There is actually tons of example here, most of the arm socs have
fully open kernel drivers, supported by the vendor (out of tree).

The hard part is the userspace driver and all the things you're
submitting to it. We've had open kernel drivers for mail/qualcomm/...
years before any believable open implementation started existing.
Typing up the memory manager and hw submission queue handling is
comparitively trivial. Generally the kernel driver is also done last,
you bring up the userspace first, often by just directly programming
the hw from userspace. Kernel driver only gets in the way with this
stuff (nouveau is entirely developed as a userspace driver, as the
most extreme example).

This is a bit different for the display side, but nowadays those
drivers are fully in-kernel so they're all open. Well except the
nvidia one, and I've not heard of nvidia working on even an
out-of-tree open display driver, so that won't help the in-tree effort
at all.

Where it would have helped is if this open driver would come with
redistributable firmware, because that is right now the thing making
nouveau reverse-engineering painful enough to be non-feasible. Well
not the reverse-engineering, but the "shipping the result as a working
driver stack".

I don't think the facts on the ground support your claim here, aside
from the practical problem that nvidia is unwilling to even create an
open driver to begin with. So there isn't anything to merge.

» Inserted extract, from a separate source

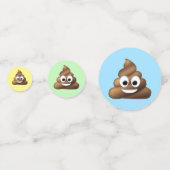 U kunt aanpassen, Poop Emoji Confetti (Voorkanten)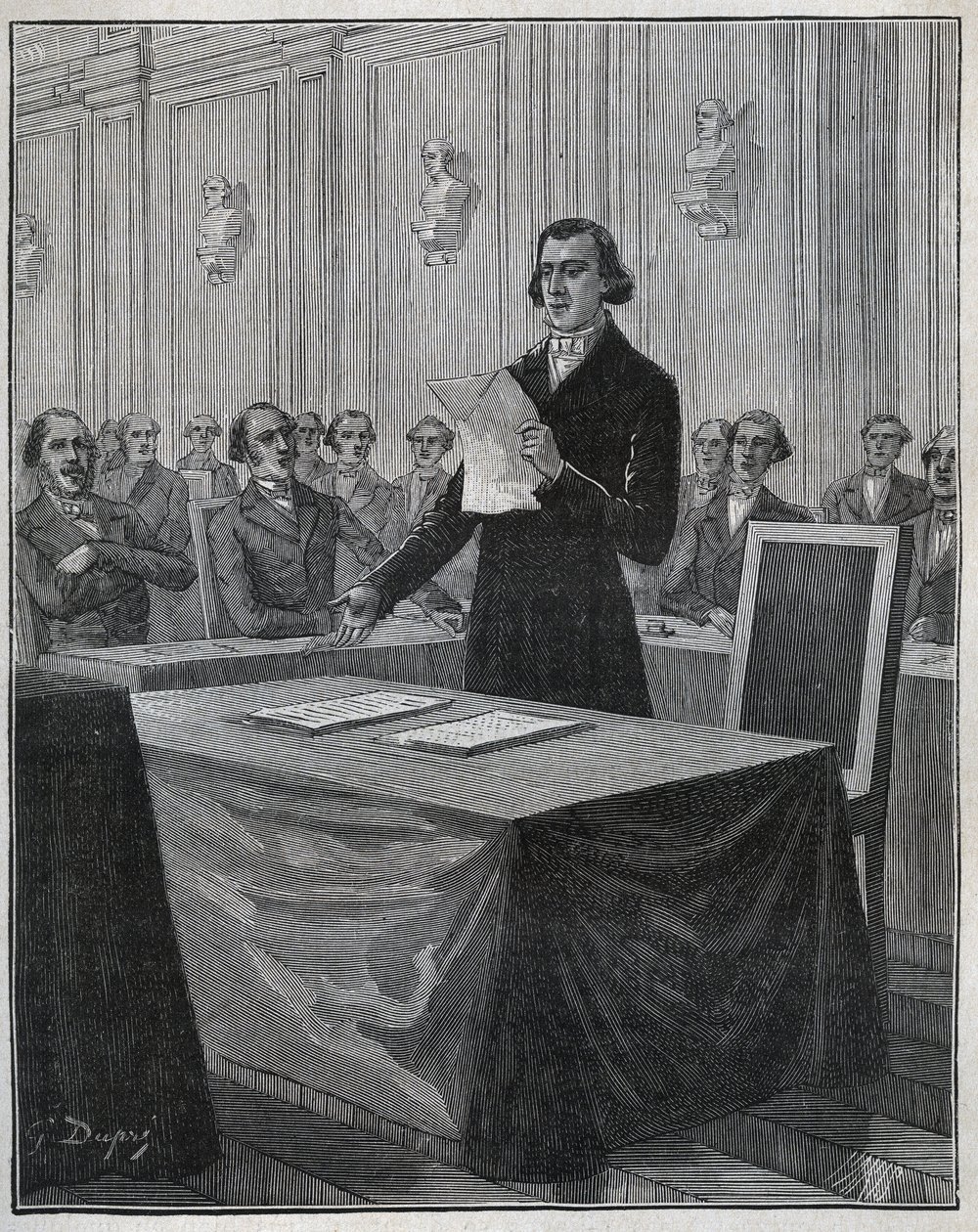 Jean-Baptiste André Dumas (1800-1884) chimiste français présente à l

> > open up your hw enough for that, I really don't see the point in
> > merging such a driver, it'll be an unmaintainable stack by anyone else
> > who's not having access to those NDA covered specs and patents and
> > everything.
>
> My perspective from RDMA is that the drivers are black boxes. I can
> hack around the interface layers but there is a lot of wild stuff in
> there that can't be understood without access to the HW documentation.

There's shipping gpu drivers with entirely reverse-engineered stacks.
And I don't mean "shipping in fedora" but "shipping in Chrome tablets
sold by OEM partners of Google". So it's very much possible, even if
the vendor is maximally stubborn about things.

> I think only HW that has open specs, like say NVMe, can really be
> properly community oriented. Otherwise we have to work in a community
> partnership with the vendor.

Well sure that's the ideal case, but most vendors in the accel space
arent interested actual partnership with the wider community. It's
"merge this kernel driver and have no further demands about anything
else". Well there are some who are on board, but it does take pretty
enormous amounts of coercion.
-Daniel
-- 
Daniel Vetter
Software Engineer, Intel Corporation
http://blog.ffwll.ch